--- START ---

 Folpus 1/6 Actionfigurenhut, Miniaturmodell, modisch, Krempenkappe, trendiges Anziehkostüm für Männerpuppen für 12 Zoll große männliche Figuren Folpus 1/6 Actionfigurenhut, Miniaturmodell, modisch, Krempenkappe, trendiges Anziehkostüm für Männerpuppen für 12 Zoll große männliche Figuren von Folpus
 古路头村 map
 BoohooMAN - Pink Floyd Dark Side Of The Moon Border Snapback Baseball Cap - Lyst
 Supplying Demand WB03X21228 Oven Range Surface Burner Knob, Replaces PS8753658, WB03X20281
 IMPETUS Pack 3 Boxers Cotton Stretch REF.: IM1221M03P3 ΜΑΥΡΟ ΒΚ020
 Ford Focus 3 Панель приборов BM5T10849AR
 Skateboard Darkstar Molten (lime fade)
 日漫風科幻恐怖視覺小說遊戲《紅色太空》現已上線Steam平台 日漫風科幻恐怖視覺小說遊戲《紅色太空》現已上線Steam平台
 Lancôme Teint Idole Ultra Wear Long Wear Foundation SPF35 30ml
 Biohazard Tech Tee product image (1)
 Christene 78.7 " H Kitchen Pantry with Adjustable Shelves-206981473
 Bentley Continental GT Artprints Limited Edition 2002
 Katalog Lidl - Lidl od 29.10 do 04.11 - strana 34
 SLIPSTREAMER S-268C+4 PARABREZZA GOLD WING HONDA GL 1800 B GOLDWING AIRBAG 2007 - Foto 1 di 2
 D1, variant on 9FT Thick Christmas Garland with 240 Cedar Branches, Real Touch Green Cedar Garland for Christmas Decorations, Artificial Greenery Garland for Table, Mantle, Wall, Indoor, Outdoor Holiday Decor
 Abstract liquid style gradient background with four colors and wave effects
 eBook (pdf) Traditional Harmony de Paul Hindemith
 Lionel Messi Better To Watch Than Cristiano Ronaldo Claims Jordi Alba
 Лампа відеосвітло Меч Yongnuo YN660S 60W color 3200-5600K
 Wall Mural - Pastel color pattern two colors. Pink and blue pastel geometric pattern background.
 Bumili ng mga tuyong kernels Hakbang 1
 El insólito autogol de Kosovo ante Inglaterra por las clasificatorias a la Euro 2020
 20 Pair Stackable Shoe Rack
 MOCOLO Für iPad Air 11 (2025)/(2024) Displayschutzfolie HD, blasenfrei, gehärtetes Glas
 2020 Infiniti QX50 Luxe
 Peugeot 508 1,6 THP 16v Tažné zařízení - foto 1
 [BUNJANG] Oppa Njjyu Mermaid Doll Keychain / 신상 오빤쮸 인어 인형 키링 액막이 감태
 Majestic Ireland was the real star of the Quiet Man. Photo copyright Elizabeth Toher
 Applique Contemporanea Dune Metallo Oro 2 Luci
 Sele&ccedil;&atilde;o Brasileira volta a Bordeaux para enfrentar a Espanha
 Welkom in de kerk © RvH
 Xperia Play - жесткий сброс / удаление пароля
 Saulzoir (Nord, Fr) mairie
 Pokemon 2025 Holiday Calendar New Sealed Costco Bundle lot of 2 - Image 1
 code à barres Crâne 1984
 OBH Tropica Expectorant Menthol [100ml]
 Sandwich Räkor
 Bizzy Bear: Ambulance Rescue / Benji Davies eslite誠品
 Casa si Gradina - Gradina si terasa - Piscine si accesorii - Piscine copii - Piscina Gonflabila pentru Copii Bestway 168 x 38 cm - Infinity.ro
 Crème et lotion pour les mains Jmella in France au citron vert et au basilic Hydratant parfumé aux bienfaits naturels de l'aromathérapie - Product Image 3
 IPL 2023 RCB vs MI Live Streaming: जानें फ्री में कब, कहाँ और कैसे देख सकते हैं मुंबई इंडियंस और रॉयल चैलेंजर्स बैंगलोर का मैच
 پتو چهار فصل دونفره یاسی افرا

--- END ---

The answer must be exactly the lines from the one containing "Welkom in de kerk © RvH" through the final line of the data, both ends included, and nothing else.

 Welkom in de kerk © RvH
 Xperia Play - жесткий сброс / удаление пароля
 Saulzoir (Nord, Fr) mairie
 Pokemon 2025 Holiday Calendar New Sealed Costco Bundle lot of 2 - Image 1
 code à barres Crâne 1984
 OBH Tropica Expectorant Menthol [100ml]
 Sandwich Räkor
 Bizzy Bear: Ambulance Rescue / Benji Davies eslite誠品
 Casa si Gradina - Gradina si terasa - Piscine si accesorii - Piscine copii - Piscina Gonflabila pentru Copii Bestway 168 x 38 cm - Infinity.ro
 Crème et lotion pour les mains Jmella in France au citron vert et au basilic Hydratant parfumé aux bienfaits naturels de l'aromathérapie - Product Image 3
 IPL 2023 RCB vs MI Live Streaming: जानें फ्री में कब, कहाँ और कैसे देख सकते हैं मुंबई इंडियंस और रॉयल चैलेंजर्स बैंगलोर का मैच
 پتو چهار فصل دونفره یاسی افرا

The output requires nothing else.